» Extracted entries

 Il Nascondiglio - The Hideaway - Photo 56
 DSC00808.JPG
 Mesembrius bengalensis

==

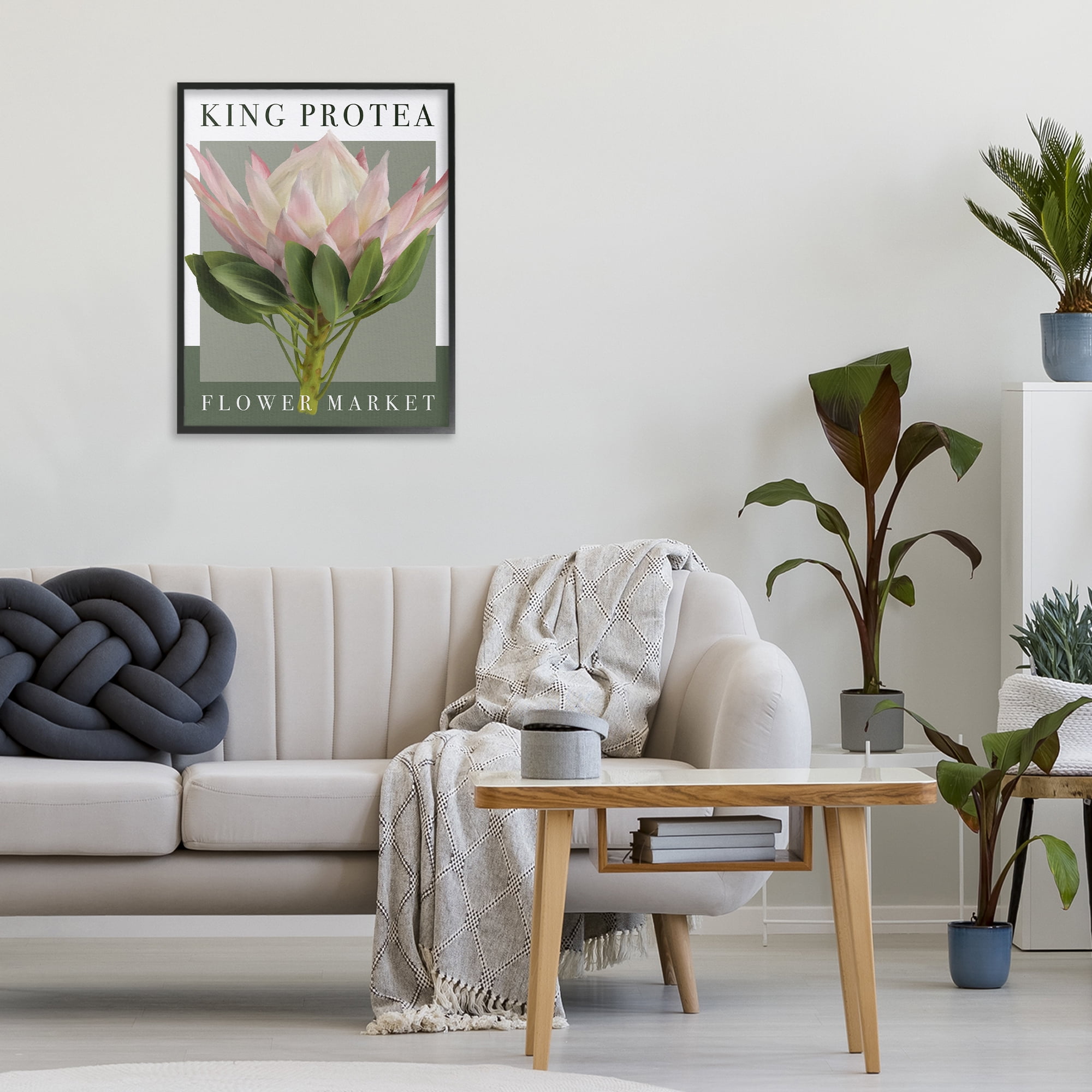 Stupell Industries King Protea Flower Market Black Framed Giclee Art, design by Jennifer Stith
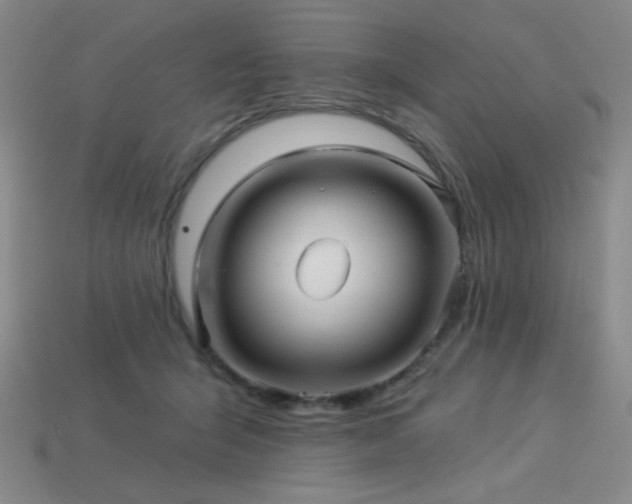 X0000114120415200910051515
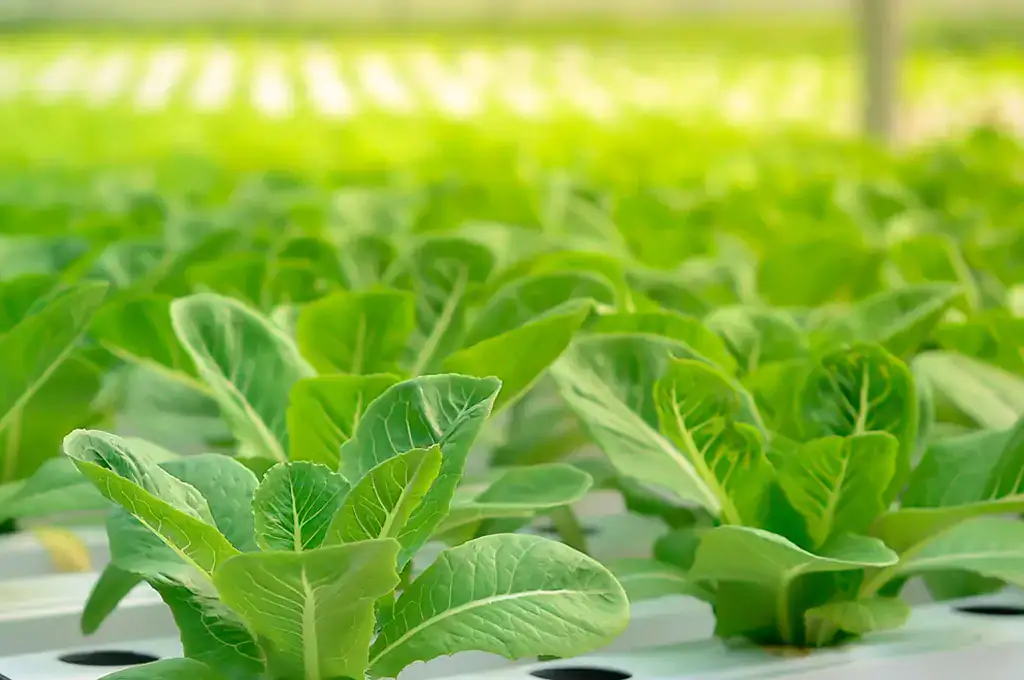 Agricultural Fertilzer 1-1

» Exercise objective
Because only one stretch of the records is wanted, please output the lines from the one holding "Stupell Industries King" through the one holding "Agricultural Fertilzer 1-1" exactly, both included, and leave every picture out.

» Solution for this problem
 Stupell Industries King Protea Flower Market Black Framed Giclee Art, design by Jennifer Stith
 X0000114120415200910051515
 Agricultural Fertilzer 1-1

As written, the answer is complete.